An analogy, if you will:
Talent-perseverance-luck, the formula for success, and
paper-scissors-rock, a game of chance. I think there's something to be gained by drawing an analogy between this game of chance and the recognised formula for success.
You want control of your life. You don't want the outcome of all your hard work to be the result of a paper-scissors-rock game of chance where you have only the slightest control over the outcome, if that. Yet a paper-scissors-rock game of chance is how life feels sometimes. Others are the measure of your talent and you don't make your own luck, whatever anyone says, because that's impossible. If success is a combination of talent, perseverance and luck, then the only thing you have control over is perseverance. So persevere! Sharpen those scissors and get cutting!
But, if perseverance is merely the
scissors component in a paper-scissors-rock game of chance, as I am suggesting, it can defeat talent, or let's say, for the sake of this analogy, overcome a lack of talent, but just as easily be destroyed by bad luck. And as I submit my much persevered with book (intellectual baby) to publishers this week, I worry that no matter the talent/paper or perseverance/scissors in this intellectual baby of mine, a bloody great rock of bad luck could come along and crush its fragile scull to smithereens.

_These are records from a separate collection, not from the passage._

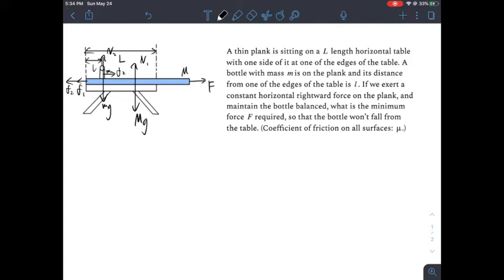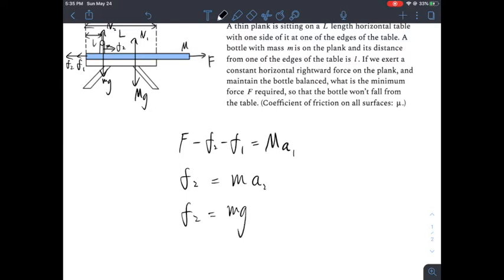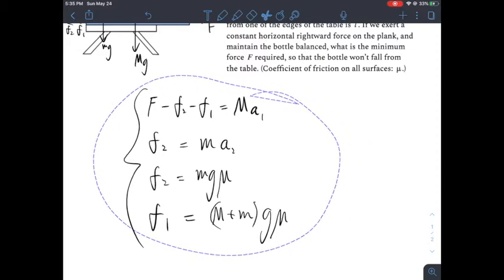We also have two normal forces. What we need to do is find the accelerations and use kinematic formulas to find when the bottle reaches the edge of the table at the same time as the plank reaches the edge — that gives us the limiting condition so the bottle won't fall off. Based on Newton's law, F minus the two friction forces equals the acceleration times the mass of the plank. The friction force F2 provides the acceleration for the bottle. The friction on the bottle equals mg·mu, and the friction the plank feels is (big M + m)·g·mu, because the bottle also exerts a normal force on it.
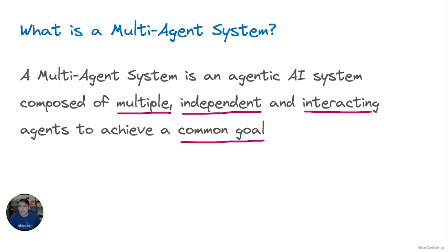Now let's look at what a multi-agent system is. A multi-agent system is composed of multiple, independent, and interacting agents working collaboratively to achieve a common goal. This system allows for a distributed approach to problem solving, increasing reusability and extensibility to solve complex domain problems like platform engineering.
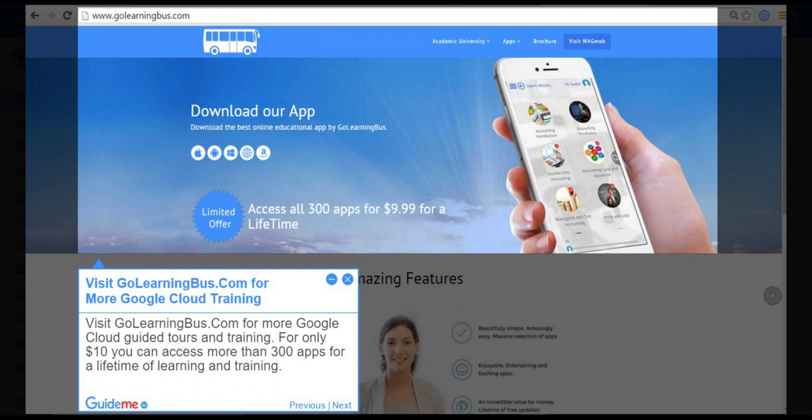Step 10: Visit golearningbus.com for more Google Cloud training. Visit golearningbus.com for more Google Cloud guided tours and training. For only $10, you can access more than 300 apps for a lifetime of learning and training.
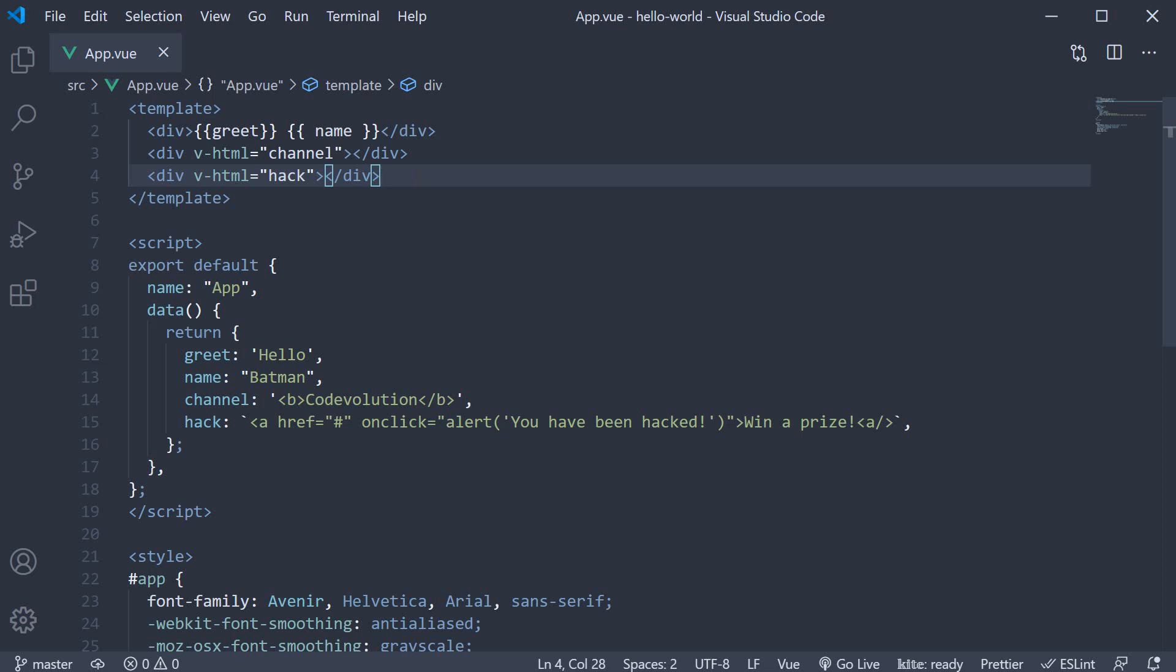In this video, let's take a look at binding attributes. In Vue, it is possible to bind data to HTML attributes such as id, class, style, and even boolean attributes such as disabled for an input.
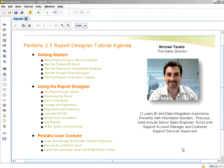I will cover such topics as adjusting the Report Designer memory settings, starting the Pentaho BI server and sample database, starting the Report Designer, and then creating a report in less than two minutes.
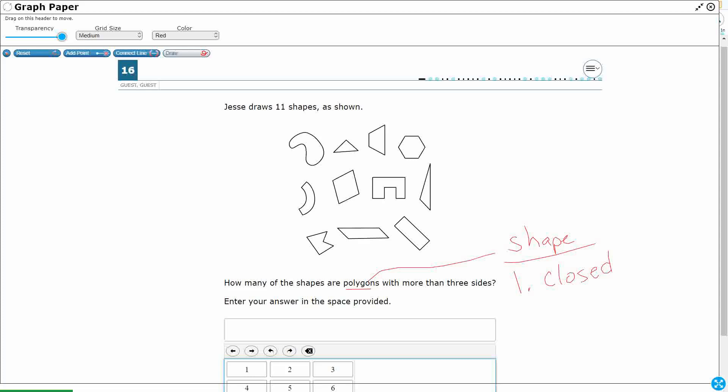Not polygons are going to be like this. It's going to be something like this, and it's just going to look like it's unfinished. So it needs to be a shape.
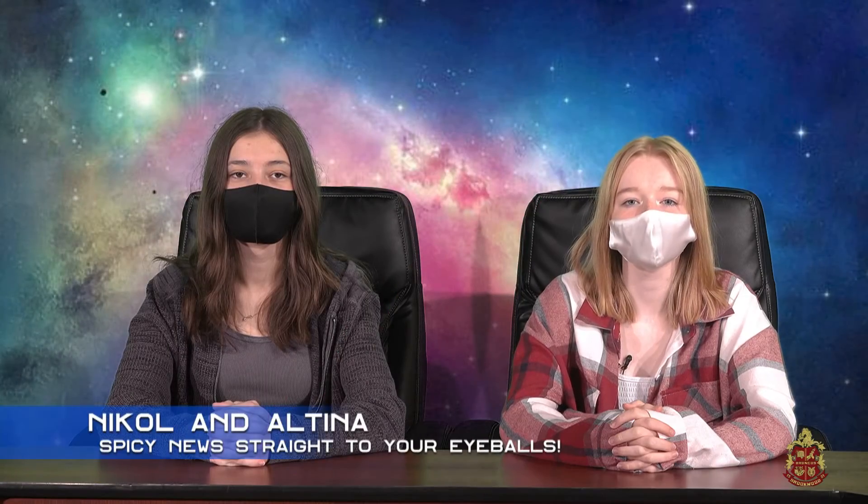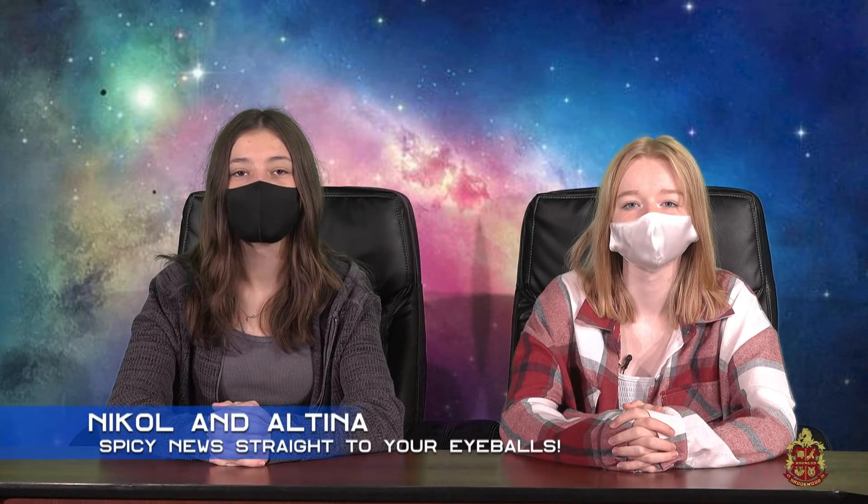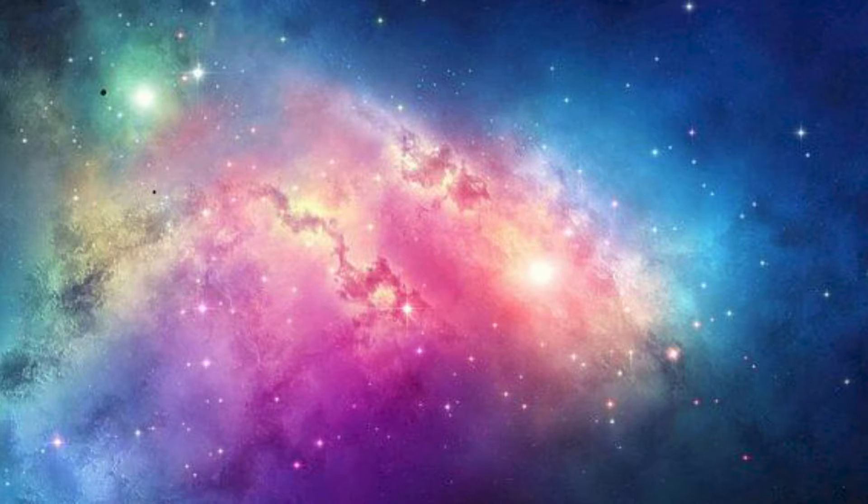Good morning, Brooklyn. I'm Nicole. And I'm Multina. On this Tuesday, November 16th, let's get on with the announcements.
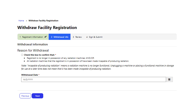Section two is the withdrawal information. It is important to click the box to confirm that the registrant is no longer in possession of any radiation machines, and/or all radiation machines that the registrant is still in possession of have been made incapable of producing radiation. You will not be able to move forward if this box has not been checked. Once that is done, enter the date of the withdrawal. Please note this cannot be a future date.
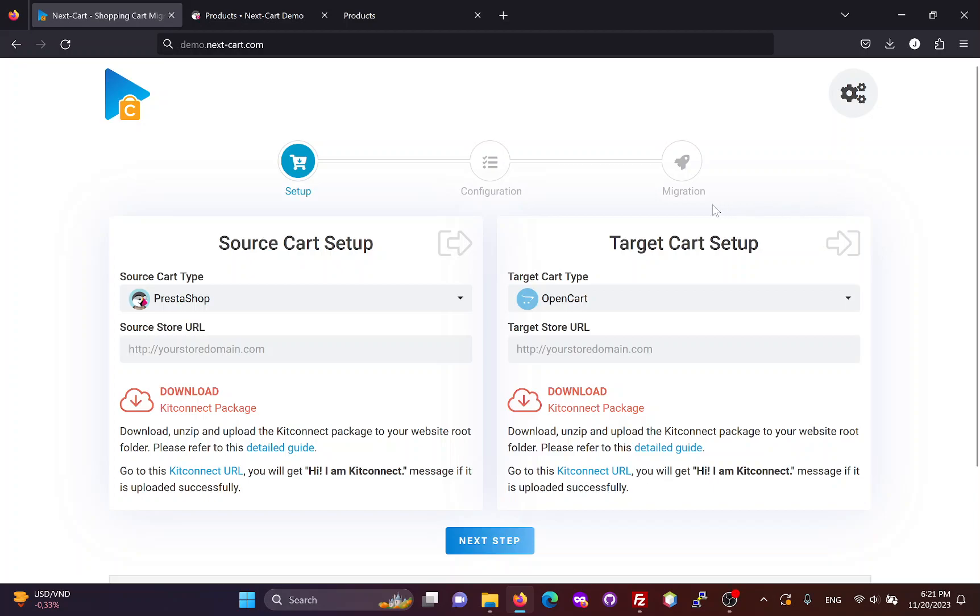Hi everybody, today I will show you three simple steps to migrate data from PrestaShop to OpenCart.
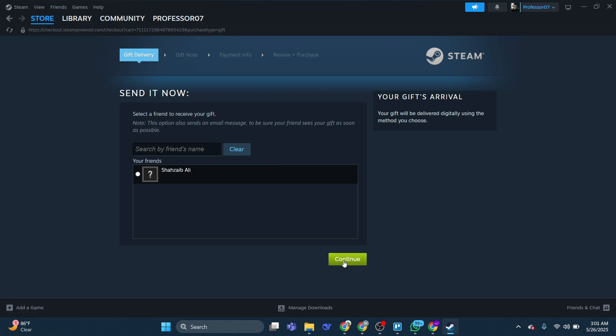So that's basically how you can transfer money from your Steam Wallet to another account. And that's it for this video.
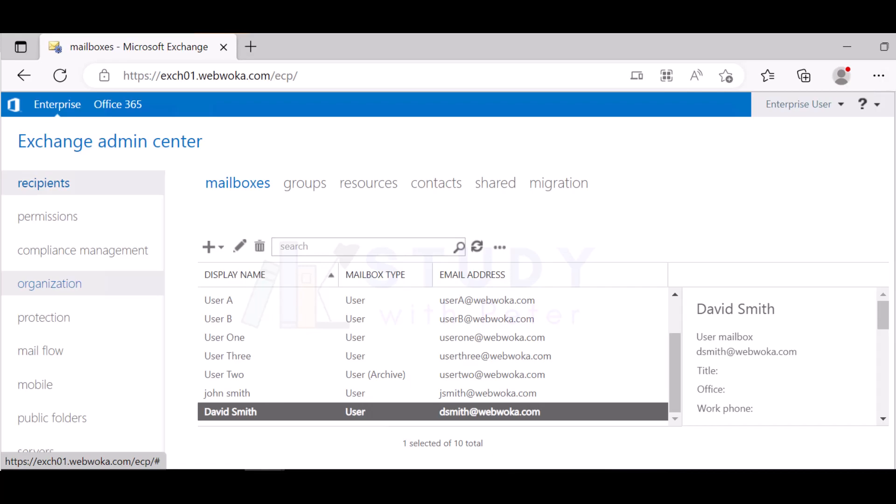Without further ado, let's get into the topic for today. We're going to create a new mailbox in our Exchange Server 2019 from scratch. I believe that you're following me with the other video series and you already have your server up and running.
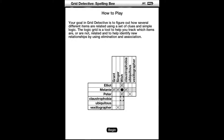Your goal in Grid Detective is to figure out how several different items are related using a set of clues in simple logic. The Logic Grid is a tool to help you track which items are or are not related and to help identify new relationships by using elimination and association.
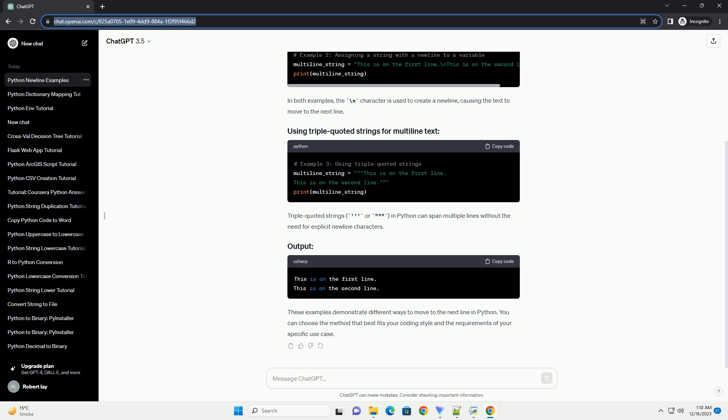Triple quoted strings in Python can span multiple lines without the need for explicit new line characters. These examples demonstrate different ways to move to the next line in Python. You can choose the method that best fits your coding style and the requirements of your specific use case.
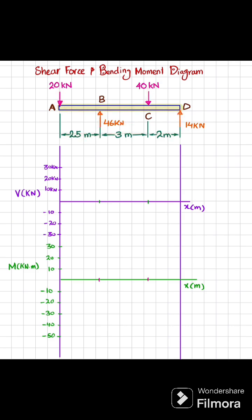Let's start the shear force diagram first. At point A you can see you have a 20 kilonewton load that is downward, so it will be minus 20. Moving from point A to B there is no other load, so it will remain horizontal. At point B we have a 46 kilonewton load, so minus 20 plus 46 gives you plus 26.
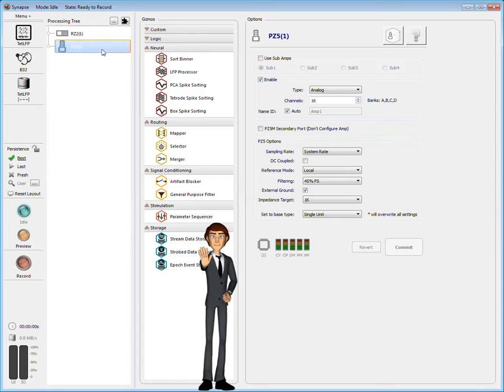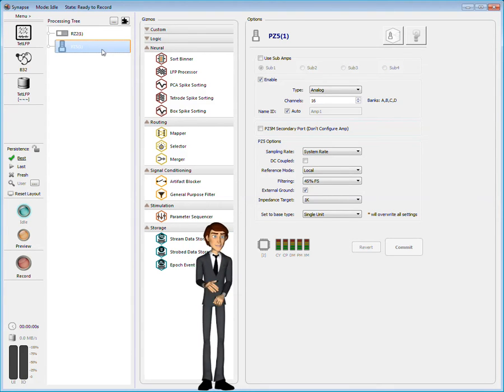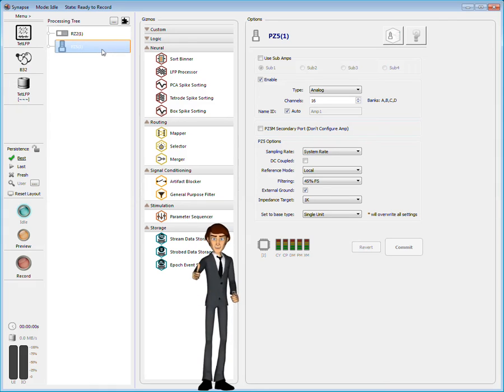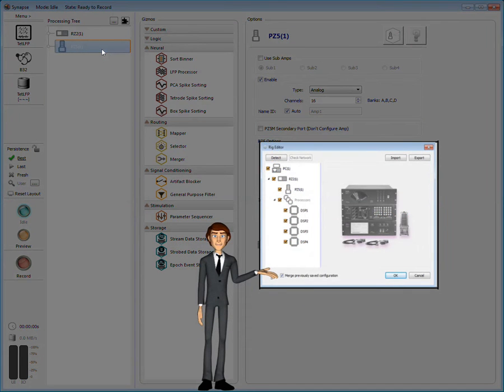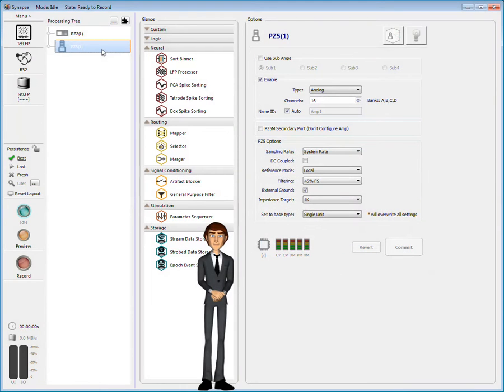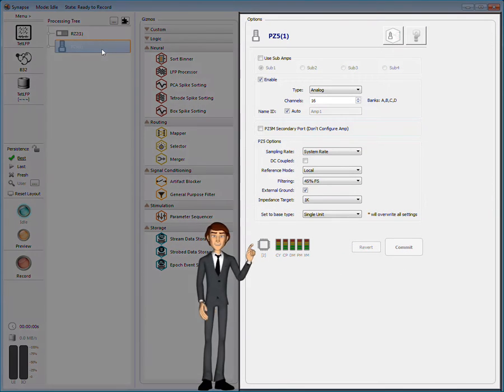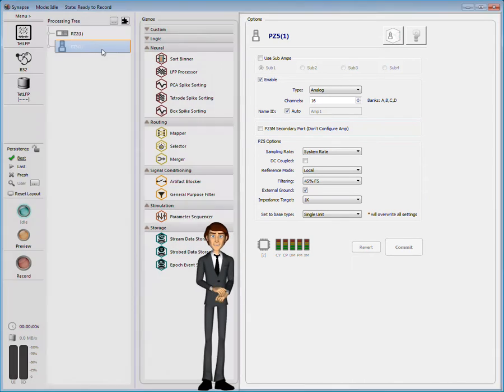But wait. In another demo, you learned that hardware is configured in the rig. That's true. The rig stores universal information about your hardware system used by all experiments. Options modified here are saved with this experiment but won't be carried over to other experiments.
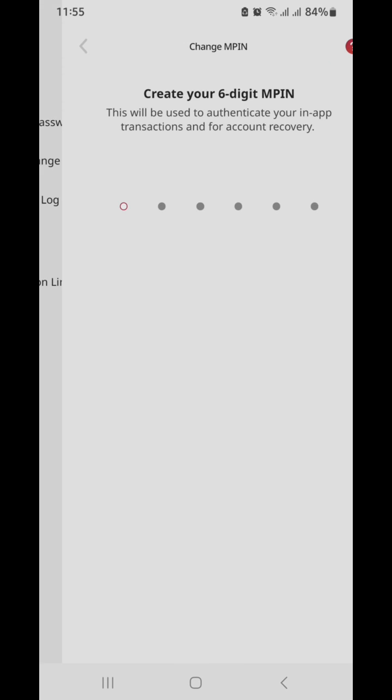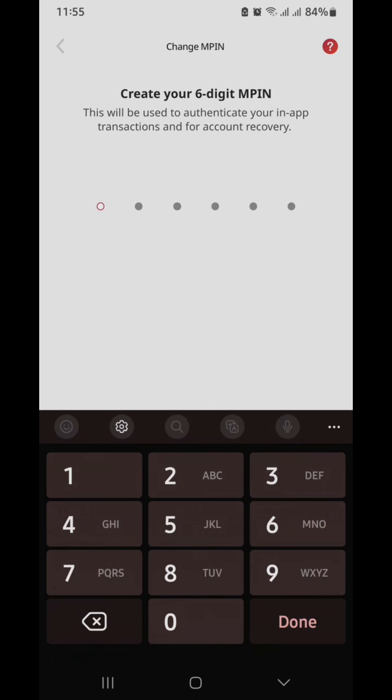So once you click that one, it will ask you to create your new PIN. Then the next page will ask you to confirm the newly created MPIN.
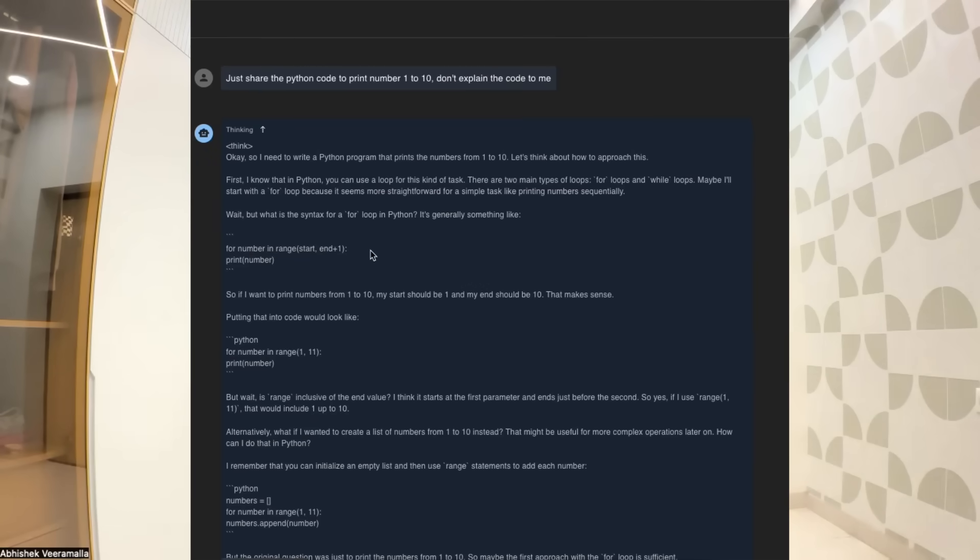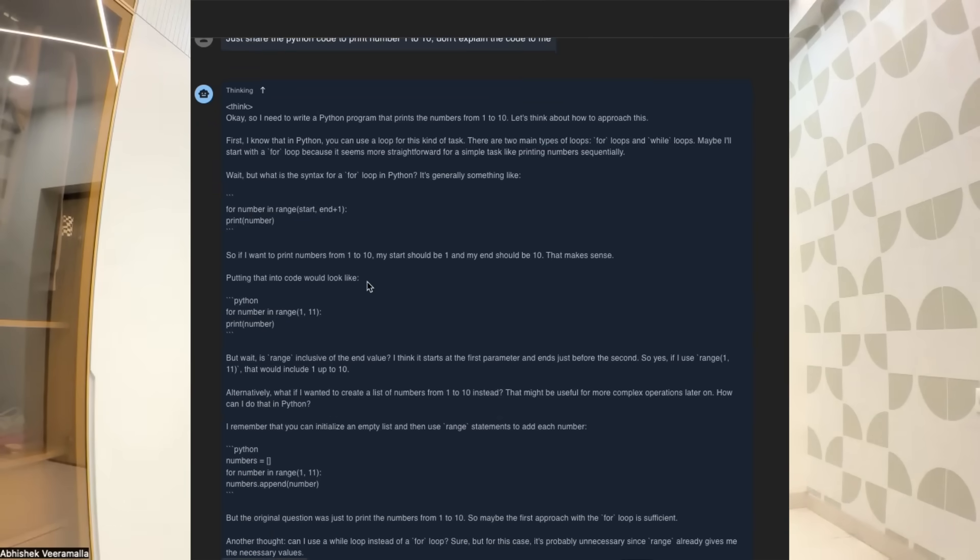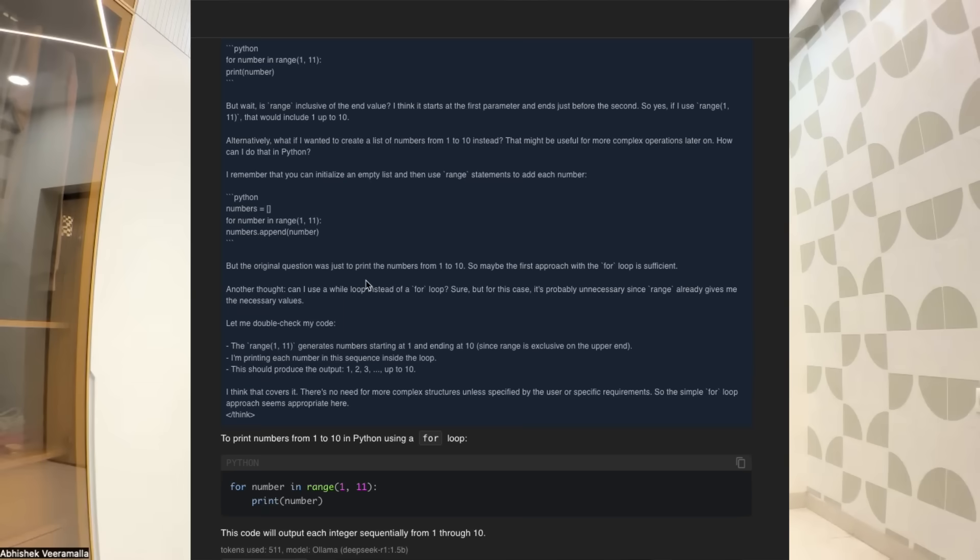To make it simple: I provided a prompt to print numbers 1 to 10, and both the input and output together came to 511 tokens. Scaling that up to 1 million tokens, OpenAI would charge $7.50, whereas DeepSeek would only charge $0.15.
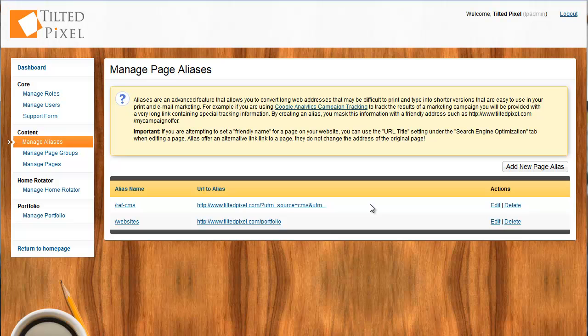So, that's it for our tour of the Tilted Pixel platform today. We hope that you definitely become a Tilted Pixel customer. And, believe it or not, there's way more to explore in the Tilted Pixel platform, and way more things it does to make your website ownership experience as awesome as it can possibly be.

Except... paper smothers rock. Although this has always been the weak link in the paper-scissors-rock game in my view, as rock and scissors 'win' by more obvious means, with a bit of faith I can accept that paper beats rock by smothering it. In my analogy, this equates, with a little faith, to the belief that talent can defeat bad luck, or, in other words, with enough talent you can have success by suffocation. Let's hope this is true. Let's hear it for
success by suffocation rather than chance, provided one has the talent of course.
Perhaps I'd be better off with the rock.